(WHAT TO PRODUCE)
Reproduce verbatim the final portion of the material below, from the line containing "Chevrolet Express Commercial" through its last line, and nothing else.

(INPUT FOR THIS TASK)
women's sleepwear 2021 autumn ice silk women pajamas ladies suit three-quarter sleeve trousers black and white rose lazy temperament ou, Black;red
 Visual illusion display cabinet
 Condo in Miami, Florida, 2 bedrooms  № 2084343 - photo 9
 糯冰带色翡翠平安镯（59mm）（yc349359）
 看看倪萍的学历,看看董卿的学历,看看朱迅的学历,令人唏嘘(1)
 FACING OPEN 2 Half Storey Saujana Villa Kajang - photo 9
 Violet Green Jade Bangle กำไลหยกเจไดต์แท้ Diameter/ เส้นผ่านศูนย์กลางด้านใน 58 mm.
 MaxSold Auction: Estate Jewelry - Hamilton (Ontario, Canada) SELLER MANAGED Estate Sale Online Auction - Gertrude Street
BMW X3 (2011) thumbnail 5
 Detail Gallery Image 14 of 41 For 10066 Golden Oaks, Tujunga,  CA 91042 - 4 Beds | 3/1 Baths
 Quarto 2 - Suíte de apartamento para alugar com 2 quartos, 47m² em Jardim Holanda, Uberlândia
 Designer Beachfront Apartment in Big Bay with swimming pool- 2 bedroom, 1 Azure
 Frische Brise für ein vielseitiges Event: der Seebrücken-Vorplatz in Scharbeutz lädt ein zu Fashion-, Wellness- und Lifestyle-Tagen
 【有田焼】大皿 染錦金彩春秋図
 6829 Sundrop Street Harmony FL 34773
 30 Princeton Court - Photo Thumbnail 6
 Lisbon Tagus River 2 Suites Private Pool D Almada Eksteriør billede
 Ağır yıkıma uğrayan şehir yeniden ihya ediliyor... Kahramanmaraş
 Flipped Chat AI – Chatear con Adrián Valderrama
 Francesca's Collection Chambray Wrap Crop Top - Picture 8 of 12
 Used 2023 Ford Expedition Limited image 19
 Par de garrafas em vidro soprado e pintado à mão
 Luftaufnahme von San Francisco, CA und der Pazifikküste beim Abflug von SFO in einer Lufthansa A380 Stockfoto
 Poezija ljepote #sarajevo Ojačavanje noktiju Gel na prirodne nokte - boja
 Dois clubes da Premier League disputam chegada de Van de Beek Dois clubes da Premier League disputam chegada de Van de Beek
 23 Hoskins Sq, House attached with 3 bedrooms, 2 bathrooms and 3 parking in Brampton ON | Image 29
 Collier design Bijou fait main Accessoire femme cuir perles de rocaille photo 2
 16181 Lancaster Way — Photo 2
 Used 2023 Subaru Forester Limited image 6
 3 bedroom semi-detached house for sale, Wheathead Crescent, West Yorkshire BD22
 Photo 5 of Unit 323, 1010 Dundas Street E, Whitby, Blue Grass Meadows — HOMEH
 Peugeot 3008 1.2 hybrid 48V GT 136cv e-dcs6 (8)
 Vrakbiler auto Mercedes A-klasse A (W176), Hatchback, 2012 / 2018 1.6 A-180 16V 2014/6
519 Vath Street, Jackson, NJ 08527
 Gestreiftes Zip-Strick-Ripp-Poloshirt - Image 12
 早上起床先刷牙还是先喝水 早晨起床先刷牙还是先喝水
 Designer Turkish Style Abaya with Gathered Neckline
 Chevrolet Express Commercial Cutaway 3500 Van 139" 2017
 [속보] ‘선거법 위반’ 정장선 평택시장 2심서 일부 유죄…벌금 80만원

(WRITTEN ANSWER)
 Chevrolet Express Commercial Cutaway 3500 Van 139" 2017
 [속보] ‘선거법 위반’ 정장선 평택시장 2심서 일부 유죄…벌금 80만원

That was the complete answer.